» **MATERIAL PROVIDED**
-----
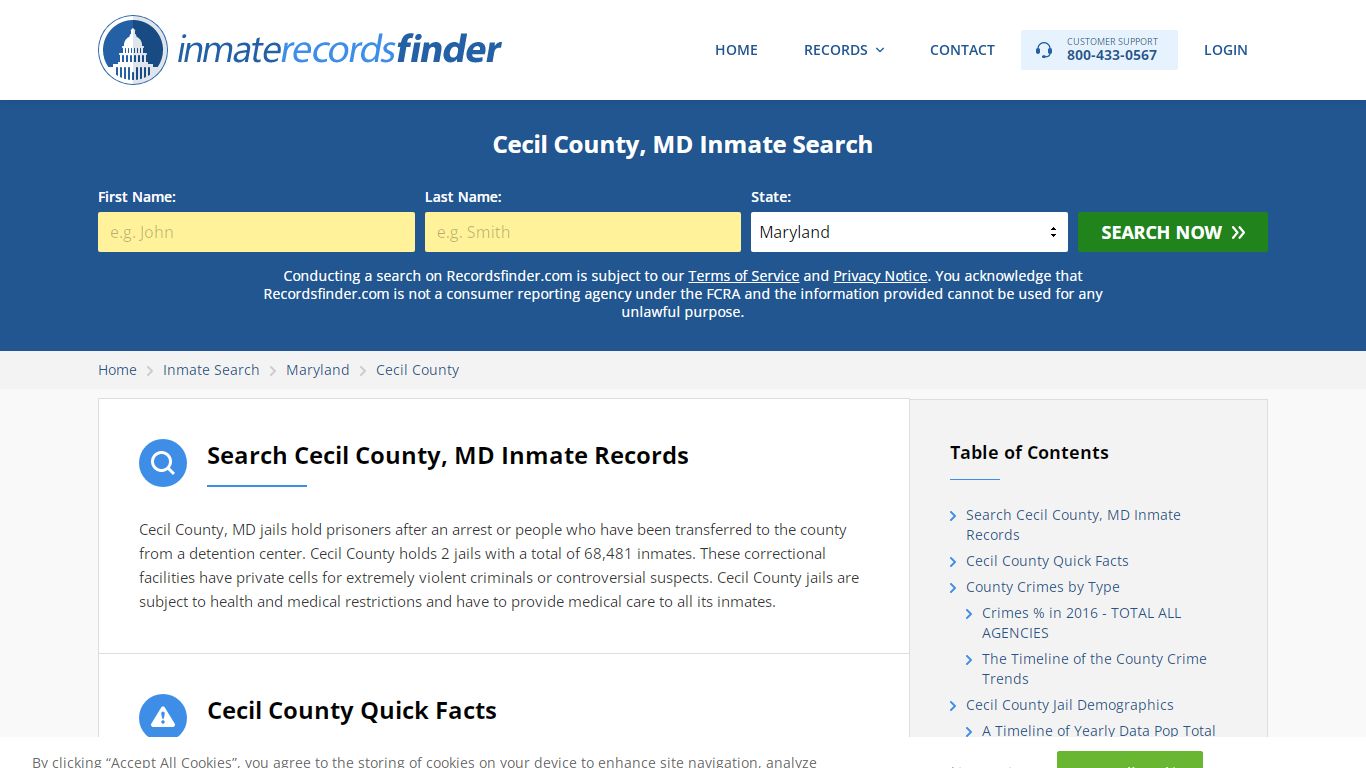 Cecil County, MD Inmate Lookup & Jail Records Online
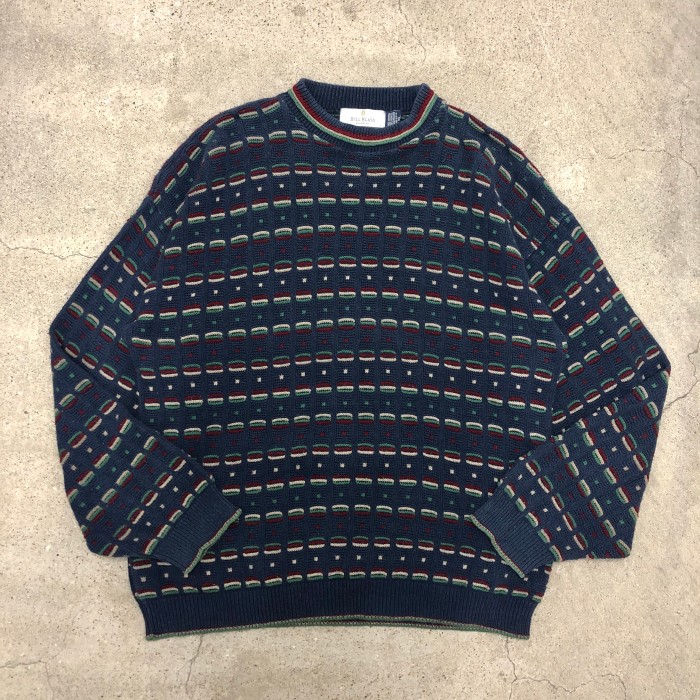 90s BILL BLASSCotton Knit SweaterUSA製XLコットンニットセーター刺繍
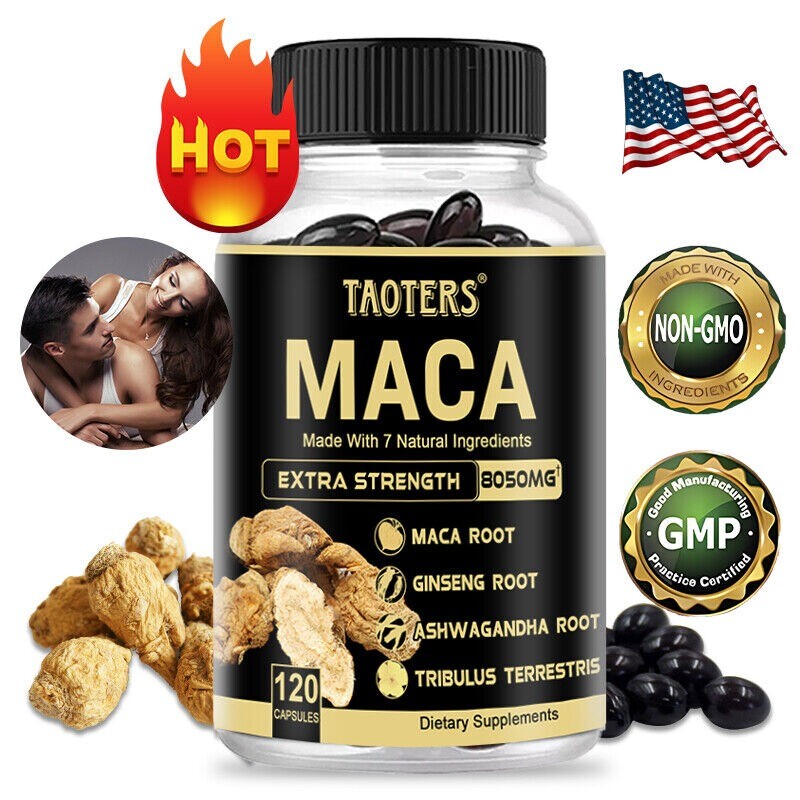 Maca Capsules: Natural Formula for Men’s Health and Energy with 7 Ingredients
-----
» **WHAT THE TASK REQUIRES**
A word-for-word retyping of the material above is expected, without pictures.

» **ANSWER TO THE EXERCISE**
 Cecil County, MD Inmate Lookup & Jail Records Online
 90s BILL BLASSCotton Knit SweaterUSA製XLコットンニットセーター刺繍
 Maca Capsules: Natural Formula for Men’s Health and Energy with 7 Ingredients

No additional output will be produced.